I like the idea of open source, but it comes down to how much is my time worth – is this sustainable?
Mike Horwath, CTO at ipHouse
Wanted: Systems monitoring tools that work
But whatever efforts that code repository has inspired haven’t been enough. In particular, the Nagios open source systems monitoring tool really raises system administrators’ hackles. Graphing packages, which include Cacti, Graphite and Zabbix, also get singled out.
And when they try to combine monitoring and graphing, IT pros throw in the towel.
"I needed something better than red light/green light," said Mike Horwath, CTO at ipHouse, a hosting provider in Minneapolis, Minn. "I needed both monitoring and measuring, and I had to get those integrated."
The firm had used Nagios over the years, but has had limited success pairing it with Cacti or Zabbix.
"They give you lots to graph and measure, but it gets overly complicated," he said.
That’s the problem with open source tools as a whole. "I like the idea of open source, but it comes down to how much is my time worth – is this sustainable?" Horwath said.
Horwath took a right turn and purchased commercial monitoring and reporting software from Santa Monica, Calif.- based hosting tool provider LogicMonitor Inc. that did both out of the gate.
LogicMonitor is offered as SaaS and can’t be customized ad infinitum. But the depth of the reporting that is available makes up for the fact that you can’t tweak every last setting, Howarth said. In fact, the only thing about Nagios that Horwath misses is the "random back-off" feature, which waits to see if a soft failure resolves itself with time before sending out an alert.

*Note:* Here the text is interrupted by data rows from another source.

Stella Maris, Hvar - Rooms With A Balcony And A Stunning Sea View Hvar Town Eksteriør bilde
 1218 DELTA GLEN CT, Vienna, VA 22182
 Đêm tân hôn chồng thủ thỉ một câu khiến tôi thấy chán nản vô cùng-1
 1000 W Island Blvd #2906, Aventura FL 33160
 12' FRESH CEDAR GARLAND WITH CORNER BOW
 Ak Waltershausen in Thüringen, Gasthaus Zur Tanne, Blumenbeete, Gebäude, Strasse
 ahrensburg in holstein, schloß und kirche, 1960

For other shops, SaaS tools such as LogicMonitor aren’t an option, but an upgrade to a commercial open source package complete with support is.
A large U.S.-managed service provider with multiple locations recently moved from a combination of Hewlett-Packard’s OpenView, Nagios and OpenNMS and homegrown code to commercial open source Zenoss monitoring suite, citing its easy-to-use GUI interface, support, plus the flexibility customizes the package to the firm’s needs, said the network systems manager responsible for the change, who requested anonymity.
"We can’t entirely go away from homegrown," he said. With Zenoss, "we can still go down and make the changes we need to make." With other tools he looked at, such as SolarWinds, "we couldn’t customize it the way we needed to."
Enterprise-level support is important, too.
"There are times when stuff is just over my head," he said.
Systems monitoring nirvana
Meanwhile, EnStratus’ Vincent has a vision of what would make monitoring better:
"There are plenty of frustrated system administrators, developers, engineers, "devops" and everything under the sun who don't want much. All they really want is for [things]to work. When [stuff] breaks, they want to be notified. They want pretty graphs. They want to see business metrics alongside operational ones. They want to have a 52-inch monitor in the office that everyone can look at and say: 'See that red dot? That's bad. Here's what was going on when we got that red dot. Let's fix that shit and go get beers.' "
He, like system admins everywhere, imagines a day when #monitoringsucksless.